# [WORKING DATA]
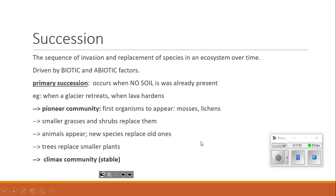This last thing — succession — is probably new to you. It's not a topic you learned in earlier grades like those symbiotic relationships. Succession, by definition, is the sequence of invasion and replacement of species in an ecosystem over time. It's a sequence — a bunch of steps, not one single thing. It's the idea that over time, as things change in an ecosystem, new species will show up and old species will go away. It can be driven by biotic factors — living organisms — or abiotic factors like weather, fire, or a flood.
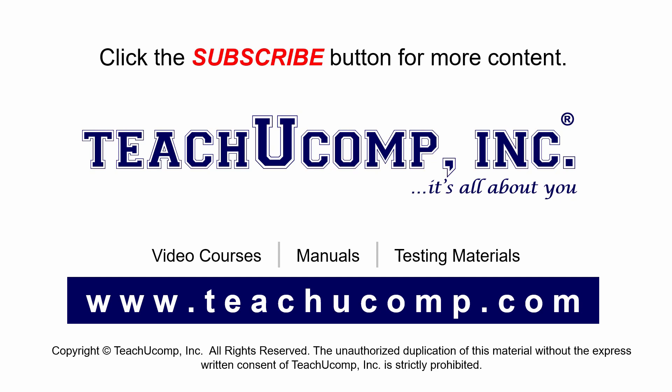Remember to click the Subscribe button to see more of our videos. Get ad-free courses at teachucomp.com.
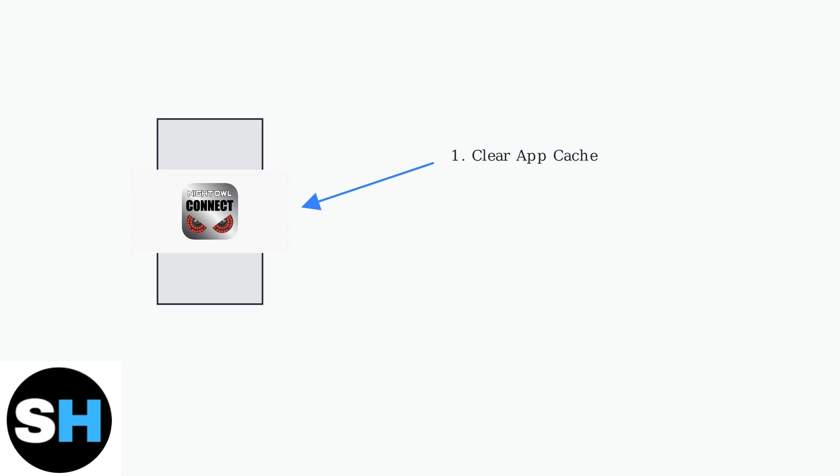When basic troubleshooting fails, advanced techniques can resolve persistent Night Owl Connect app issues. Start with clearing the app's cache to remove corrupted temporary files.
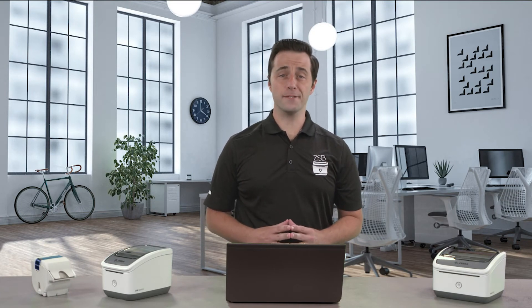Hey this is Dan with Zebra and I'm going to show you how easy it is to print labels from Microsoft Word on both the PC and the Mac.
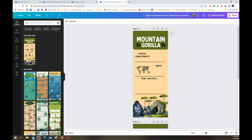We just want to change that to add our name. So you click up in the box and just put your name. My name is Todd Whitman, so I'm going to put my name up there — 'animal classification infographic' — and just click anywhere off. It has now saved your name. That way, when you submit it, your teacher is going to know it's you.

# [WHAT THE TASK REQUIRES]
Verbatim copy, images excluded: transcribe all the entries above.

# [RESULT FOR THIS TASK]
This last thing — succession — is probably new to you. It's not a topic you learned in earlier grades like those symbiotic relationships. Succession, by definition, is the sequence of invasion and replacement of species in an ecosystem over time. It's a sequence — a bunch of steps, not one single thing. It's the idea that over time, as things change in an ecosystem, new species will show up and old species will go away. It can be driven by biotic factors — living organisms — or abiotic factors like weather, fire, or a flood.
Remember to click the Subscribe button to see more of our videos. Get ad-free courses at teachucomp.com.
When basic troubleshooting fails, advanced techniques can resolve persistent Night Owl Connect app issues. Start with clearing the app's cache to remove corrupted temporary files.
Hey this is Dan with Zebra and I'm going to show you how easy it is to print labels from Microsoft Word on both the PC and the Mac.
We just want to change that to add our name. So you click up in the box and just put your name. My name is Todd Whitman, so I'm going to put my name up there — 'animal classification infographic' — and just click anywhere off. It has now saved your name. That way, when you submit it, your teacher is going to know it's you.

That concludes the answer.